Le petit débarcadère de Yakoumbaya situé au quartier Dabondy 1 dans la commune de Matoto fait vivre bon nombre de citoyens de ce quartier. Un port selon les pêcheurs créé par les premiers occupants de cette partie de Conakry. Cependant, le manque de route affecte sérieusement les activités de ces pêcheurs. Ici, nous retrouvons plusieurs jeunes sous un grand hangar. Des cordes sur lesquelles sont fixées des lames sont accrochées à leurs cous. Des aiguilles en main, qui leur servent d’outils pour réparer ou tisser les filets des pirogues des pêcheurs étaient visibles. Ceux-ci se font appelés des arrangeurs.
Soumah Fodé Bayo diplômé est de ceux-ci.
« J’ai trouvé mes parents dans ça. Mon papa est pêcheur et ma maman est vendeuse de poissons fumés. J’ai fini mes études en sciences du langage. Mais, je n’ai pas eu d’emploi. Finalement, j’ai continué dans la pêche pour ne pas rester sans rien faire. Je me débrouille ici en arrangeant des filets des pêcheurs. Quand ils vont à la pêche, parfois, il peut y avoir des anomalies qui font que les filets se décrochent ou se déchirent. Quand ils viennent maintenant, ils nous consultent pour la réparation » explique-t-il.

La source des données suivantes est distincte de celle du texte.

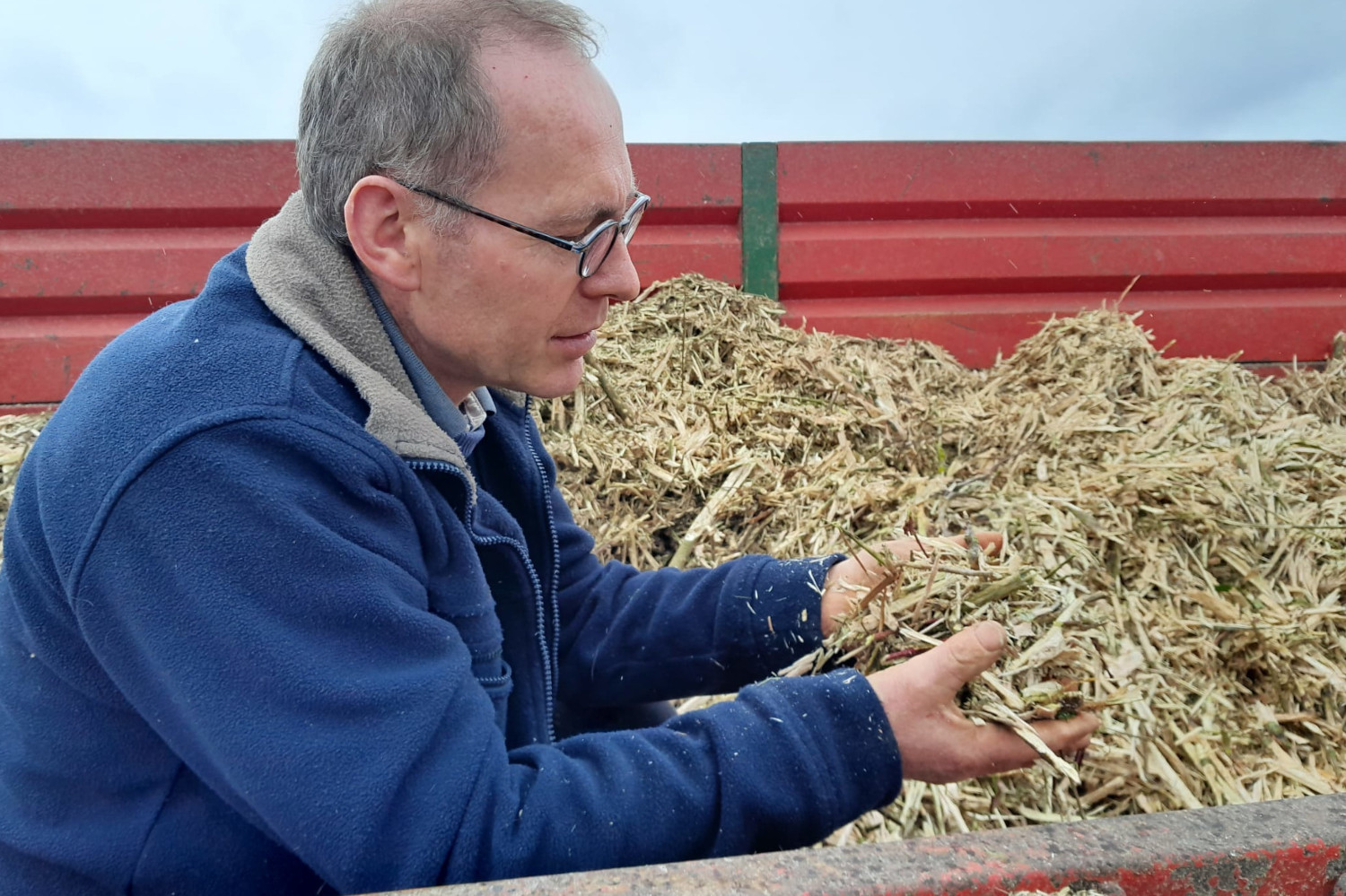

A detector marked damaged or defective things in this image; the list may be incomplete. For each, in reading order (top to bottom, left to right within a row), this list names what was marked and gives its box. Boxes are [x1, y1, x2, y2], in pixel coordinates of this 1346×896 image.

rusty metal surface [366, 791, 1346, 888]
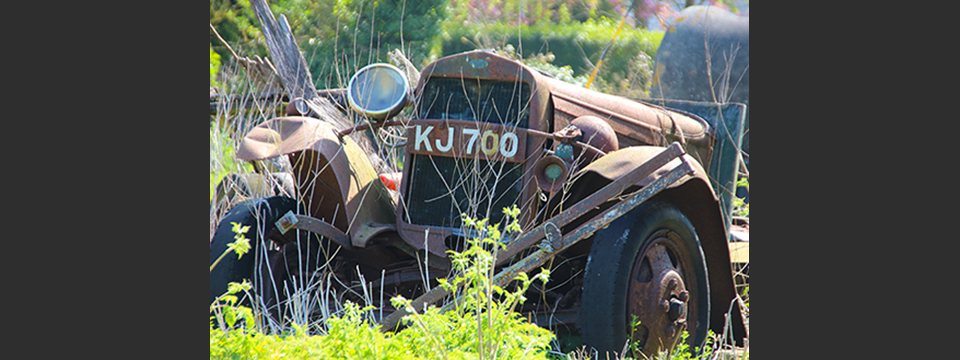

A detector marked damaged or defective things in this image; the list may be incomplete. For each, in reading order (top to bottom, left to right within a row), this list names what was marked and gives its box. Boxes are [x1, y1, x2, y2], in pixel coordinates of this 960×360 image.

rusty vintage car [210, 48, 752, 358]
rusted wheel rim [628, 232, 700, 356]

D’autres jeunes sont des pêcheurs. Ils étaient dans des barques et ralliaient la mer à la quête des poissons.
Ils ont plusieurs trajets à parcourir « Sangbom, rapata, yeghafour mawla… On pêche, les yeghei fagnis (bons poissons), les bongas, les bouloungoungnis les pêcheurs pêchers » explique Alvine jeune pêcheur.

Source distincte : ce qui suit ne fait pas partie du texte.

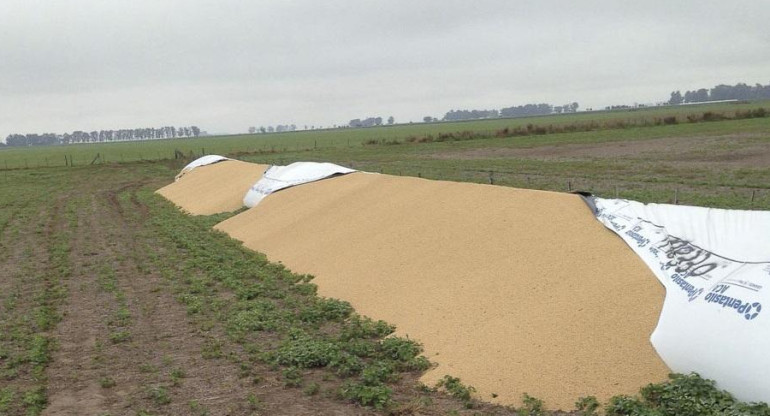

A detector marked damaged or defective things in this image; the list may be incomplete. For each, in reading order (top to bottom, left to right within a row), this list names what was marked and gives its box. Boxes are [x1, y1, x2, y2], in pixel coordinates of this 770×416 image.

ripped tarp [176, 154, 230, 180]
ripped tarp [243, 162, 354, 208]
ripped tarp [588, 197, 768, 404]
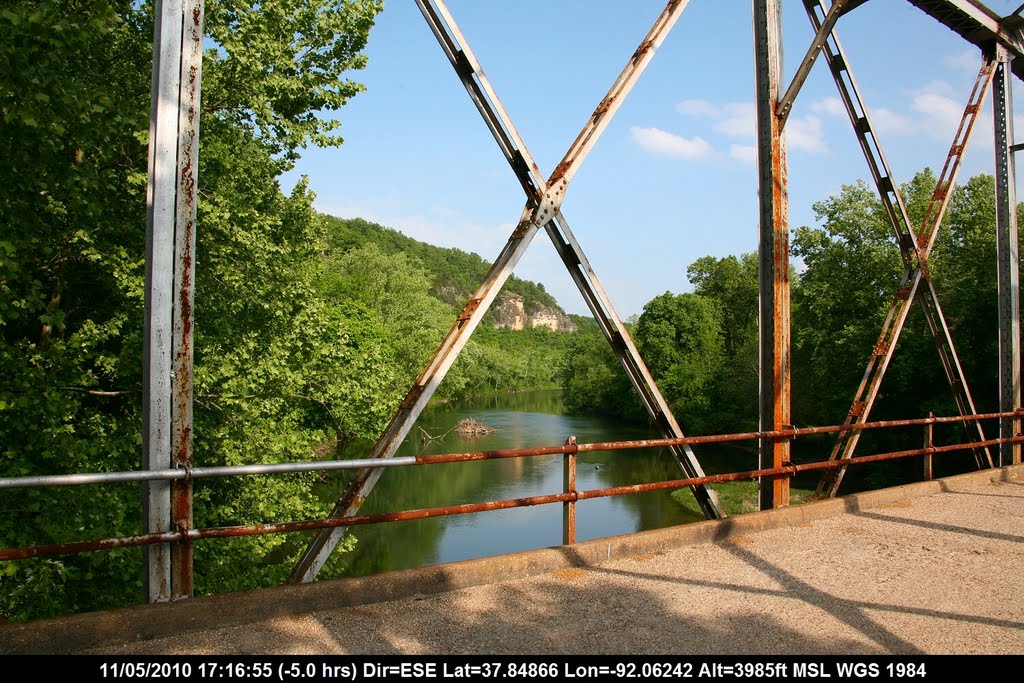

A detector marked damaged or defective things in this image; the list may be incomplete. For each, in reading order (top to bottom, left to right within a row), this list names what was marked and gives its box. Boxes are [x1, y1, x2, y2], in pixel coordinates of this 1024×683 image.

rusty steel truss [126, 0, 1024, 600]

L’autre trajet, c’est la rive lointaine qu’ils appellent « Blue water ». Il se trouve à la frontière Guinée-Sierra Leone affirment ces jeunes. Ce pêcheur dit qu’ils font sept jours en plein mer pour ce trajet.

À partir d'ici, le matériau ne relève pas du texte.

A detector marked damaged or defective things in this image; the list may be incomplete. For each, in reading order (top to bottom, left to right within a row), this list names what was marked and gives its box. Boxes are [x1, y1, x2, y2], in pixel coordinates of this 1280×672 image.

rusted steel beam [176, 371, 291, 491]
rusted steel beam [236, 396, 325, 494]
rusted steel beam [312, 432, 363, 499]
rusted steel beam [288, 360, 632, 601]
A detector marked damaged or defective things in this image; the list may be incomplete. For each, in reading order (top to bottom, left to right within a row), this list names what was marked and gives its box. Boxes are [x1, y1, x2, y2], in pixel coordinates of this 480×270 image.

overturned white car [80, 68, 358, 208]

« On prépare à manger dans la pirogue, on dort dedans, tout se fait dans la pirogue pendant une semaine. Nous pêchons les cautas, les ninis yekhei, les soris (les plus chères) l’estomac seulement est vendu à 4 500 000fg) » explique notre interlocuteur.
Par manque d’accès à ce débarcadère, ces poissons sont acheminés vers le débarcadère de Bonfi pour la vente, précise ce jeune.
Dans ce débarcadère était perceptible aussi des porcs.
« Des clients particuliers viennent souvent, ils paient les jeunes pêcheurs pour qu’ils les attrapent et ils les acheminent à Coleah et en font des brochettes » dit Alvine
Ce port ne sert pas seulement de pêche. Il est tout de même utilisé comme dépotoir d’ordure. Ces déchets ont aussi leur rôle à jouer indique Yamoussa Soumah Alias « Tout petit ». Il est doyen du port. Il dit vivre dans ce coin depuis des années. En langue soussou, il nous a expliqué comment ça marche.
« Depuis 1970, je suis là. C’est ici que j’ai fondé ma famille. La pêche, c’est mon boulot. Toute l’espace que vous voyez ici où nous sommes arrêtés, l’eau venait jusque-là. Ça dépassait même ici. Mais du fait que les gens jettent les ordures ici et que la terre aussi on a pu remballer ici, l’eau a été repoussée pour qu’on ai de la place pour s’installer. Tous les petits cabarets là et les maisons, le hangar tout ce que vous voyez a été construit sur de l’eau à travers les contributions que nous faisions ici » a-t-il expliqué
Le problème de route, c’est les difficultés majeures auxquelles ces pêcheurs sont confrontées. Tous ceux qui ont été interrogés ont évoqué cet obstacle.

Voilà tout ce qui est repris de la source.